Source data

++++++++++

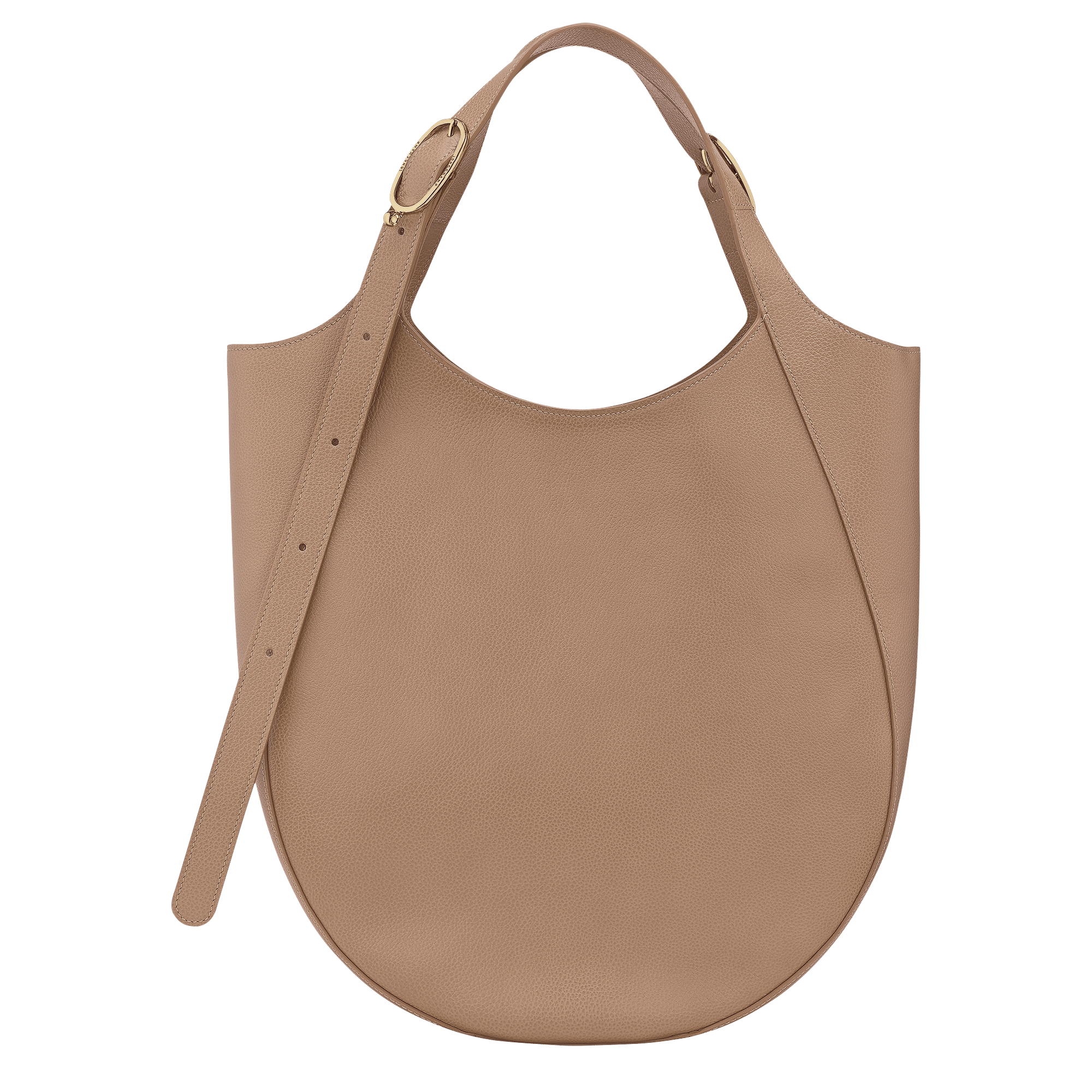 Long Champ Longchamp Le Foulonné XL Tote bag Biscuit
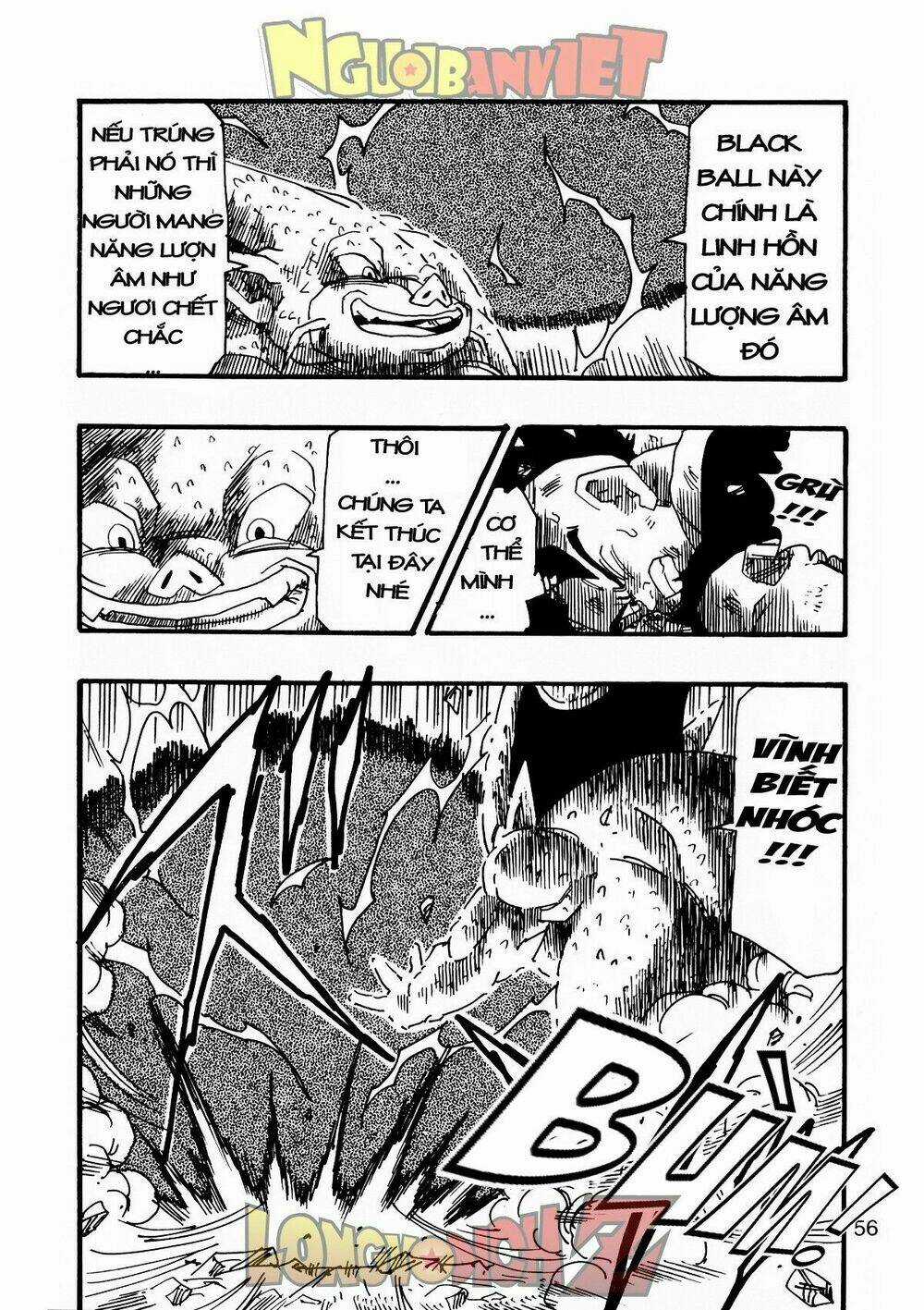 Thế Giới Ngọc Rồng - Con trai Frieza: Ize Chapter 9 trang 56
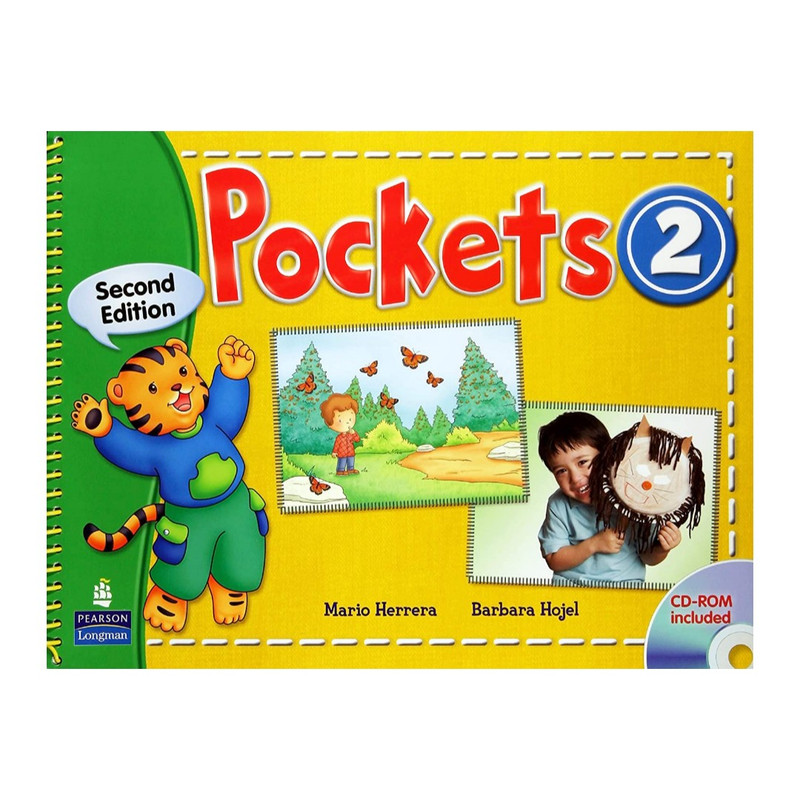 کتاب Pockets 2 اثر Barbara Hojel انتشارات پرسون 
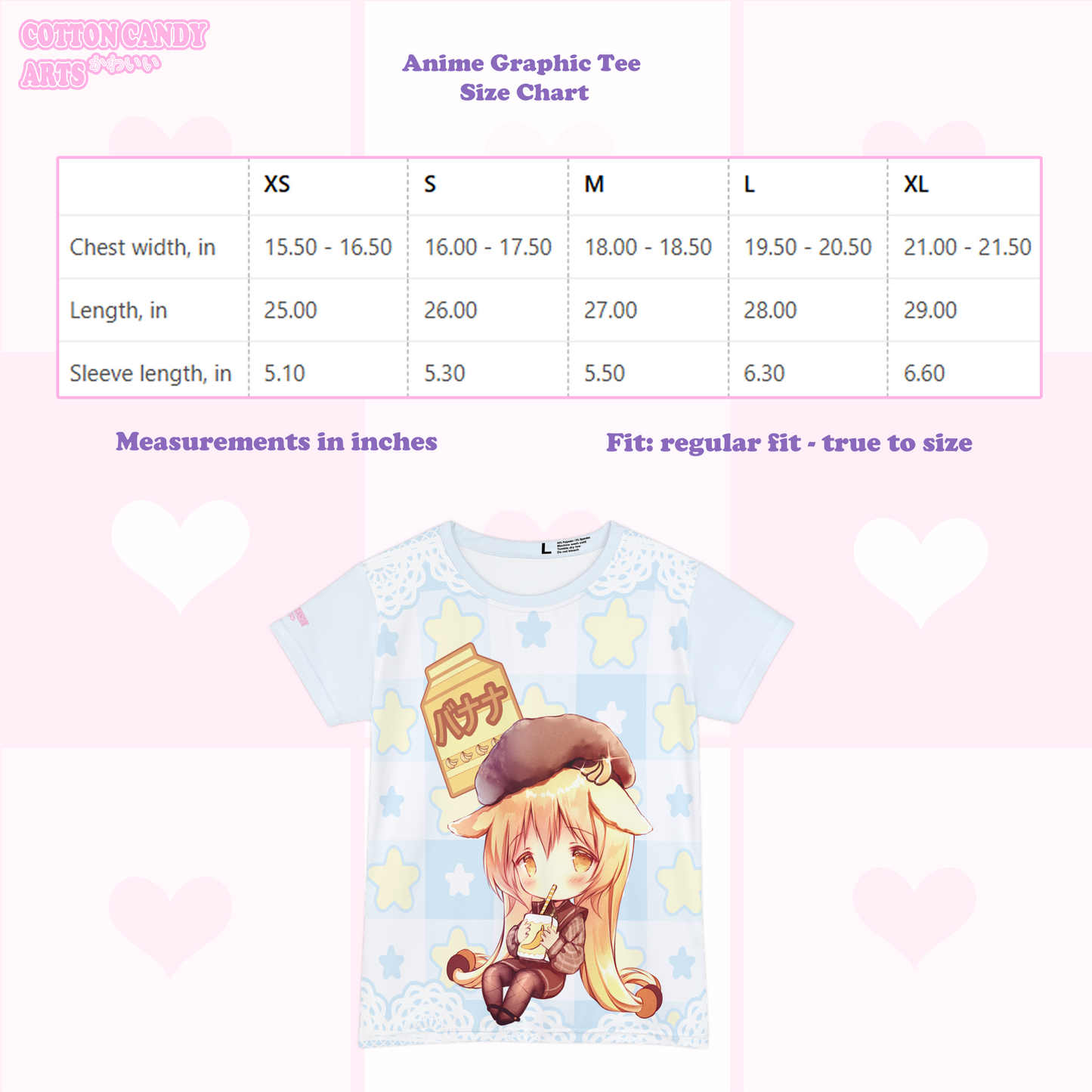 Banana Chibi | XS-XL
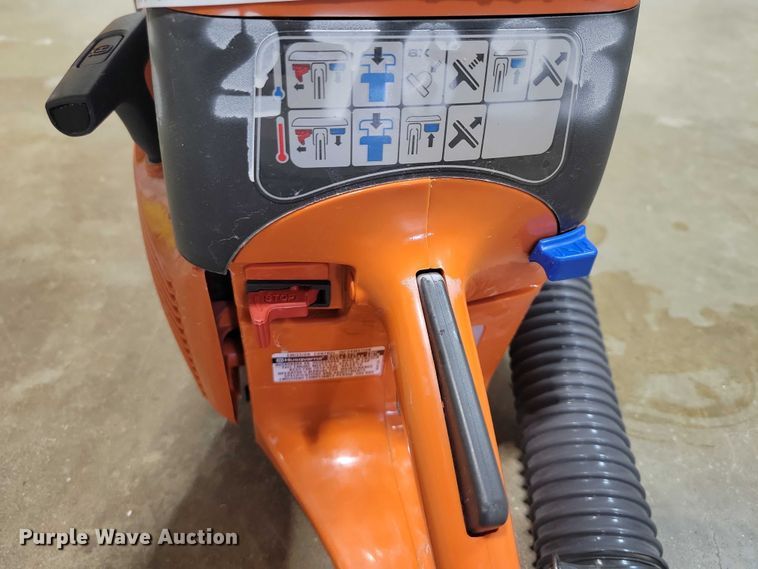 image for item DZ6709 Husqvarna K770 VAC cut off saw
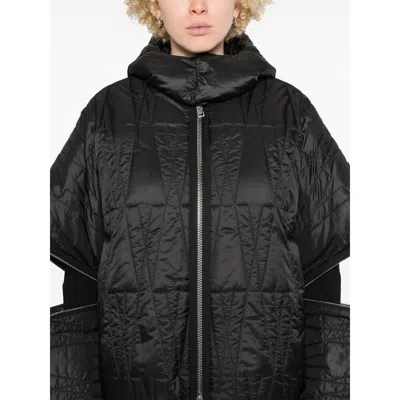 Moncler X Willow Smith Haissa Black Padded Down Jacket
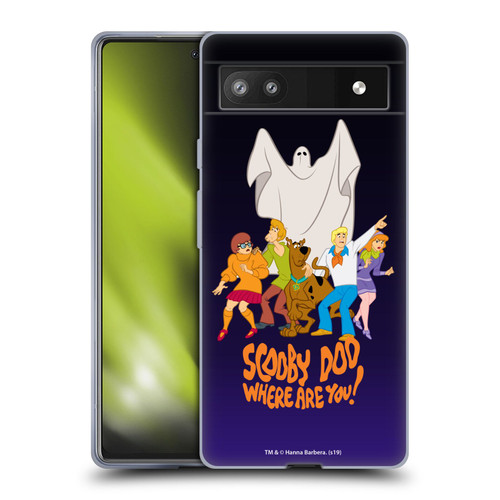 Scooby-Doo Mystery Inc. Where Are You? Soft Gel Case for Google Pixel 6a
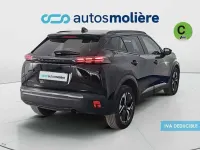 Usado Peugeot 2008 Allure 131 CV (96 kW) 2024 Negro SUV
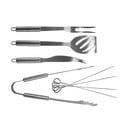 Set di 8 utensili per grigliare e custodia per grigliare, lunghezza 34,5 cm - Orion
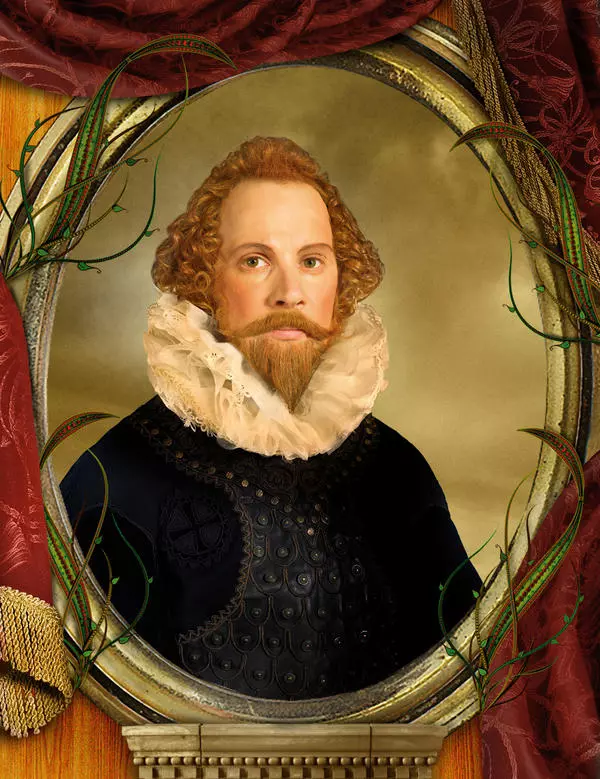 Воображаемый портрет Шекспира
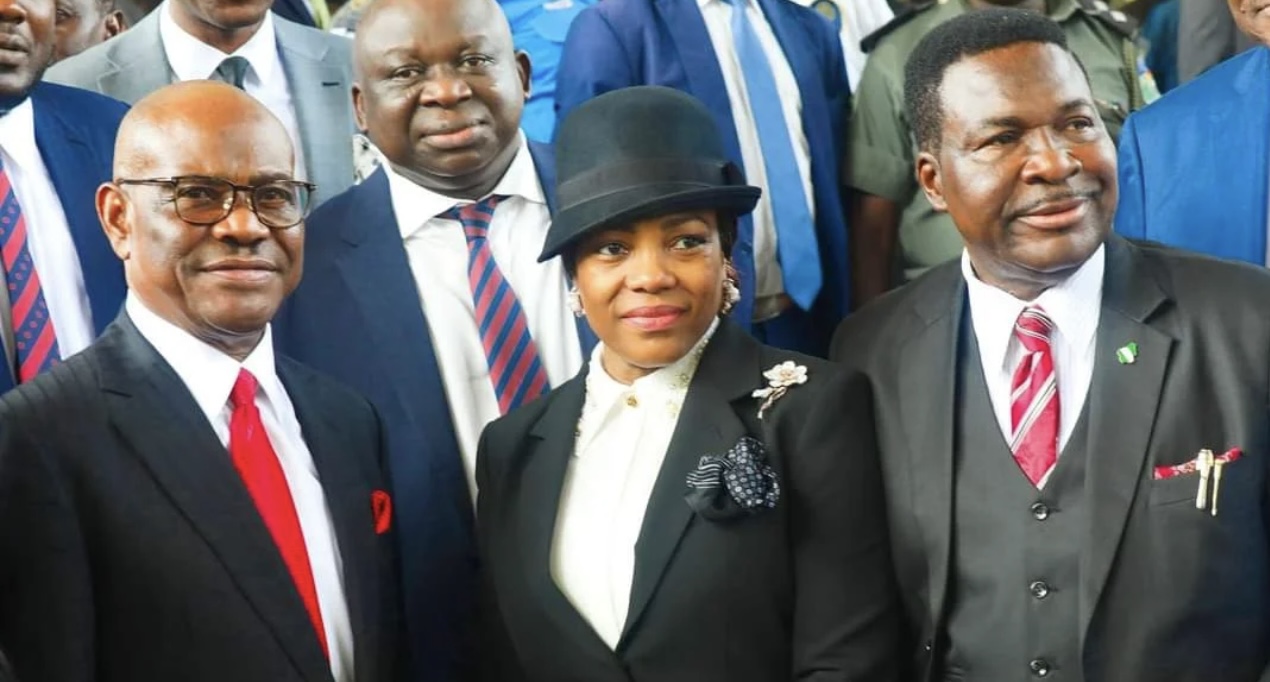 Justice Eberechi Nyesom-Wike,
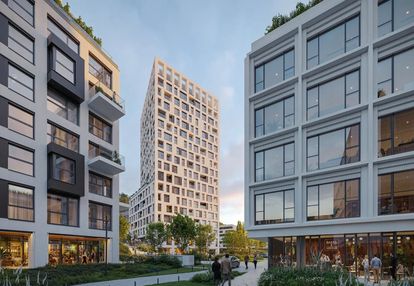 Trzypokojowy apartament premium, piętro 12 z 16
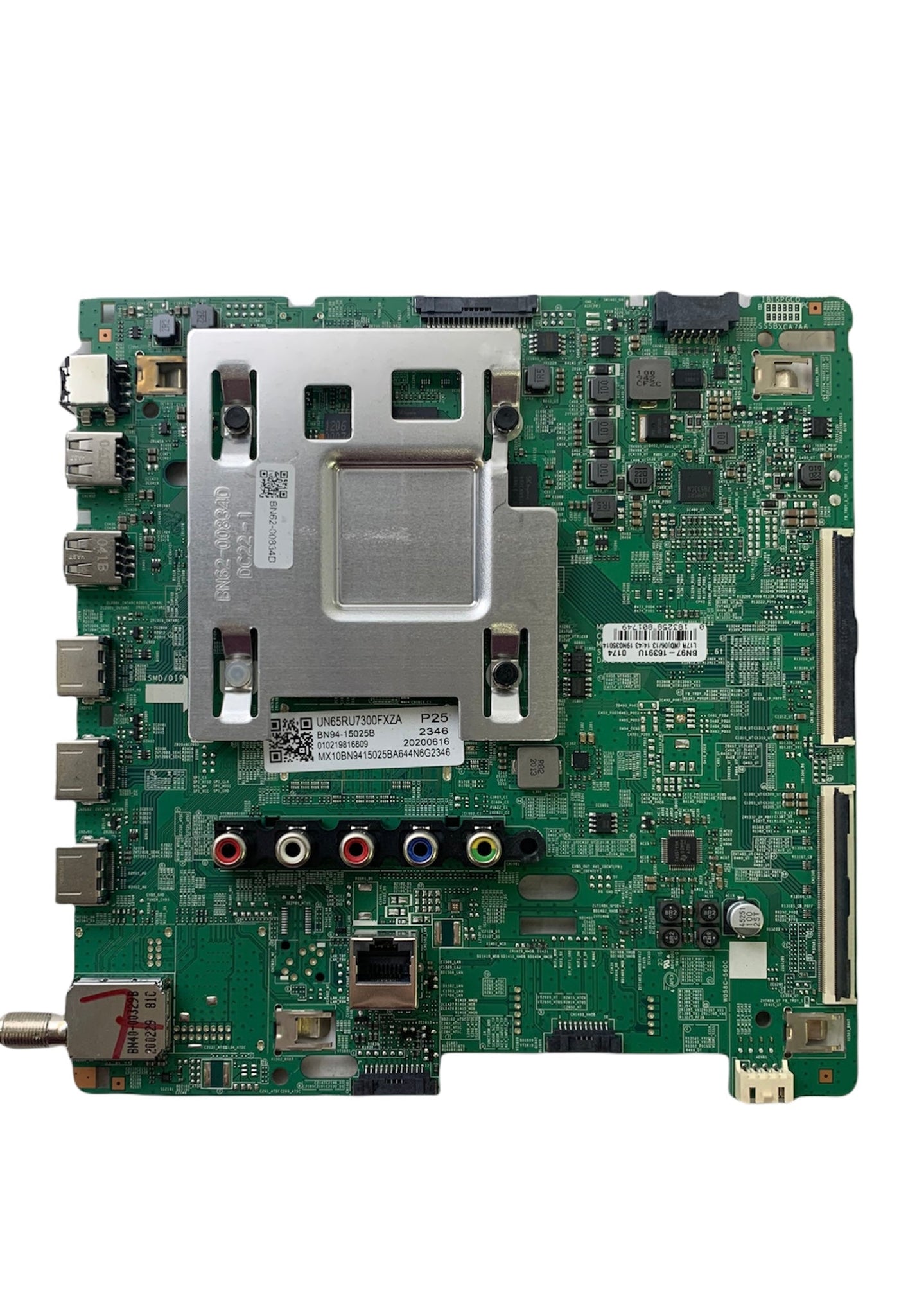 Samsung BN94-15025B Main Board for UN65RU7300FXZA UN65RU730DFXZA (Version FA01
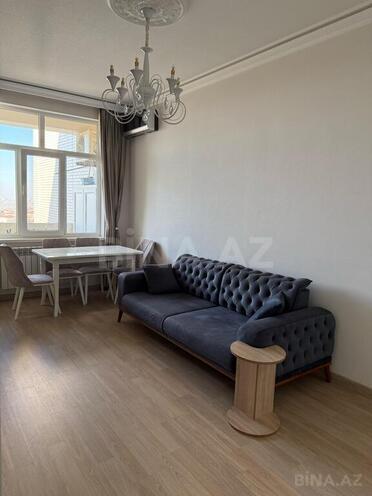 3-комн. новостройка - пос. Бакиханова - 57.6 м² (3)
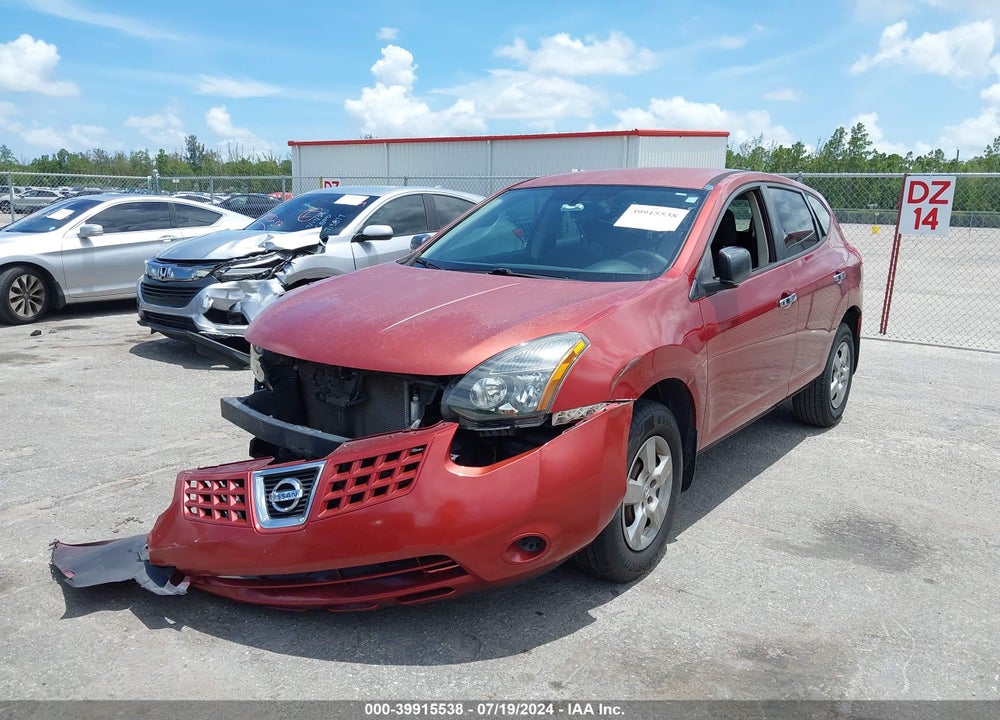 2010 NISSAN ROGUE S VIN: JN8AS5MT2AW000259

++++++++++

Exercise requirements - The line containing "Воображаемый портрет Шекспира" and every line after it, up to the last line of the data, should be returned exactly, without the pictures.

Response for this exercise -
 Воображаемый портрет Шекспира
 Justice Eberechi Nyesom-Wike,
 Trzypokojowy apartament premium, piętro 12 z 16
 Samsung BN94-15025B Main Board for UN65RU7300FXZA UN65RU730DFXZA (Version FA01
 3-комн. новостройка - пос. Бакиханова - 57.6 м² (3)
 2010 NISSAN ROGUE S VIN: JN8AS5MT2AW000259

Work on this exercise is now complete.